Winning a first league title in 30 years in the midst of a global pandemic will ensure that.

But as the results flourished in an unforgettable calendar year for Jurgen Klopp and his players, the club themselves have been forced to face the challenges of the new age.

The suspension from football in mid-March, coupled with the ongoing needs of the community they serve, made working life more difficult than ever for those with the liver bird on their chest.

The lack of regular game days has had wider ramifications than many perhaps initially feared.

While some wondered how their weekends would be filled without the entertainment of the Premier League leaders, the lack of action put local food banks in serious jeopardy.

The postponement of top-level matches was expected to have a huge impact on the North Liverpool Foodbank, which receives around 25% of its donations from collections on match day.

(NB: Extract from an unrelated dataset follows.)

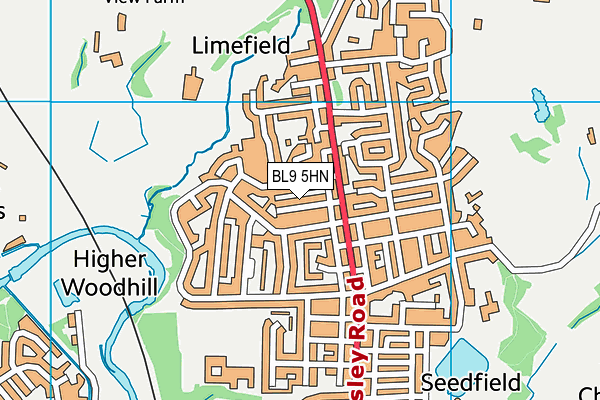 BL9 5HN map - OS VectorMap District (Ordnance Survey)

Quickly, it was decided that the LFC Foundation, Red Neighbors and the players themselves would come together to support Fans Supporting Foodbanks by donating £ 40,000 in the absence of Premier League football.

The idea was to donate £ 10,000 for every home game remaining that season before £ 147,000 was donated to help tackle food poverty in the region earlier this month.

“What we really tried to do was think about what we as Red Neighbors and the LFC Foundation could do together, and we quickly identified three areas we wanted to focus on,” he said. Red Neighbors Senior Director Forbes Duff told ECHO this month.

“They were the food, the social isolation and the support of the NHS and key workers, so they were the priority.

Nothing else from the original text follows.